John Thompson is a resource economist and Principal of Watrecon Consulting. With more than 40 years of experience, he specializes in assessing the economic, social and human impacts of resource development projects, plans, programs, and policies in western and northern Canada. Although he has spent the majority of his time working as a consultant, he was Senior Economist for Alberta Environment for seven years, spent another seven years as Senior Economist/Social Scientist for the Natural Resources Conservation Board (an Alberta regulatory boards), and also was a policy analyst researcher for the Alberta Water Research Institute. Over the years, Mr. Thompson has undertaken numerous studies that have involved valuing the changes in environmental conditions in economic terms, sometimes as part of benefit/cost analyses of proposed development projects, and sometimes to demonstrate the economic importance of ecological goods and services. He completed his first assessment of wetland values in 1990 and has since assessed the value of ecological goods and services and economic development in the North Saskatchewan and Battle River watersheds in Alberta, and the value of land conservation for Ducks Unlimited.

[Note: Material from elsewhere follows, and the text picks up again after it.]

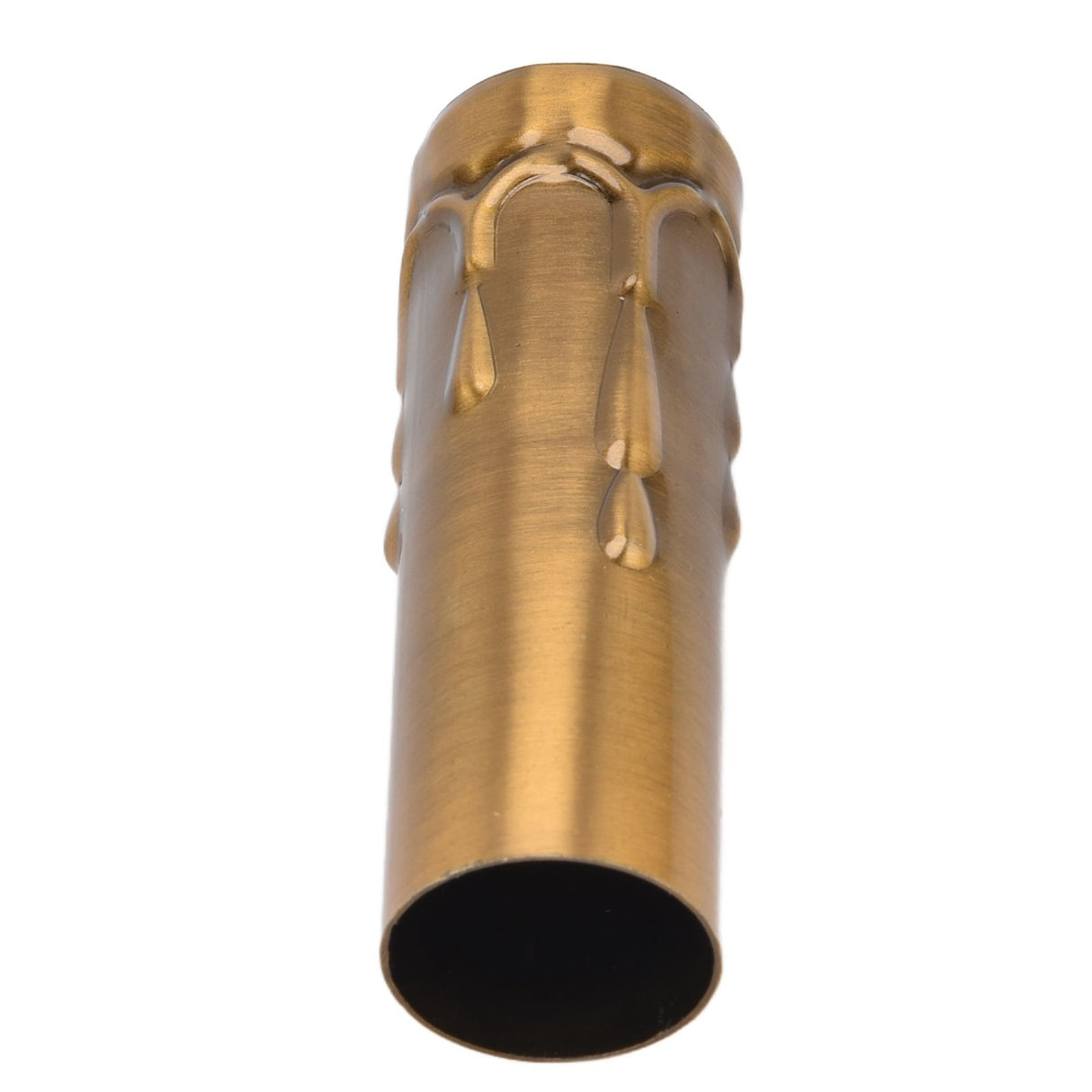 10Pcs E14 Metal Tube for Candle Lamp Holder Lamp Base Lighting Accessories 25x80mm Gold Bronze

Paul Thoroughgood completed his undergraduate degree in Agriculture from the University of Saskatchewan with a major in Agronomy. He is currently the Regional Agrologist for the Western Region of Canada with Ducks Unlimited Canada. In this role Paul works with the agriculture industry to develop and promote agricultural production systems that are economically viable and provide improved habitat. Paul and his wife Leanne also own and operate a grain farm near Moose Jaw.
Alfons Weersink has been a faculty member at the University of Guelph since obtaining his PhD at Cornell University in 1989. He had completed a Bachelor of Science in Agriculture at Guelph in 1982 before attending Montana State University to complete his Master’s in Applied Economics. His research efforts are often interdisciplinary due to the nature of agricultural economics. The impact of Alfons’ research is well recognized and has earned him several awards including the OAC Alumni Foundation Distinguished Researcher Award in 2006 and fellow of the Canadian Agricultural Economics Society (CAES) in 2014. He also received the OAC Alumni Foundation Distinguished Teaching Award in 2016.
Dr. Marian Weber is Principal Researcher with InnoTech Alberta and Adjunct Professor in Resource Economics and Environmental Sociology at University of Alberta. She has spent the past 20 years working with partners in government, academia and the private sector conducting applied research on agricultural and forest policy. Her current research is focused on evaluating the costs and benefits of agricultural beneficial management practices and business case analysis of ecosystem service market opportunities.